Regardless of all the sensors, here is why F-35 pilots need to visually check their 6 o’clock

In a recent post, we have explained that a recently leaked Pentagon report highlighted the poor “out-of-cockpit visibility in the F-35A”, a shortcoming that would limit the pilots ability to see aerial threats surrounding the plane putting the costly 5th generation plane at risk.

The problem would lie in the large head rest that impede rear visibility and the ability of the pilot to check the aircraft’s 6 o’clock for incoming aerial or surface threats.


Image credit: U.S. Air Force

Many readers have argued that the limited rear visibility is no big deal for a modern aircraft equipped with sensors capable of detecting threats coming from any direction.

Although it is quite true that the F-35’s sensors equipping the aircraft (at least when it will get most advanced software configurations) would probably be able to spot any aircraft attempting to get on the aircraft’s tail, no matter where the pilot is looking, we can’t completely rule out the possibility that the pilot will have to turn is head rearwards to visually ID a plane approaching fast from 6 o’clock.

A Joint Strike Fighter pilot could be forced to look towards the tail to check the smoke of an incoming SAM (Surface to Air Missile) and perform the proper evasive maneuver, or to look for an incoming hostile stealth fighter (for instance a Russian or Chinese one) detected by the onboard Distributed Aperture System (DAS) close to “the merge”.

In a Within Visual Range scenario (no matter how likely it is for a stealth plane), the ability to check their six can make the difference between death or survival. That’s why visibility is important regardless the capabilities of the defensive suite.

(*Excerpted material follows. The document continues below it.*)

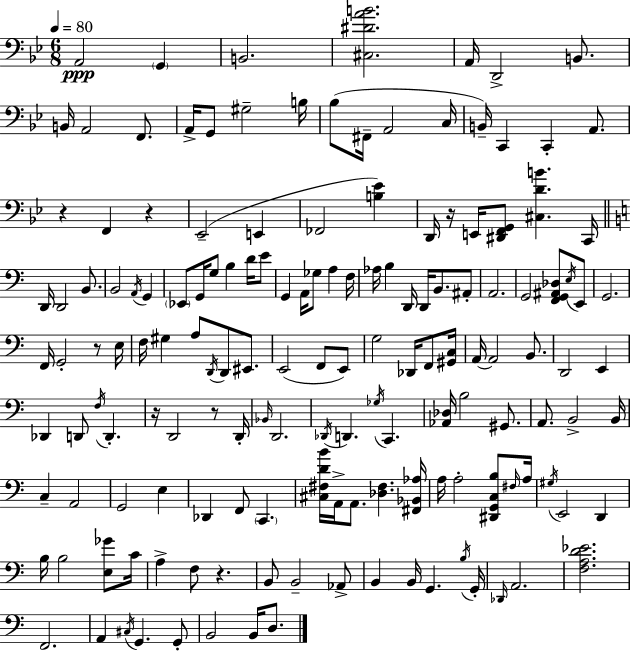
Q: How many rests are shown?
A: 7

Still, it must be said that, as soon as (if?) all the problems with the devices are solved, wearing their Helmet Mounted Display System Gen. II, that fuses all the information coming from the plane’s sensors along with imagery fed by a set of cameras mounted on the jet’s outer surfaces, providing a X-ray vision-like imagery, F-35 pilots will be able to check their six, head rest or not.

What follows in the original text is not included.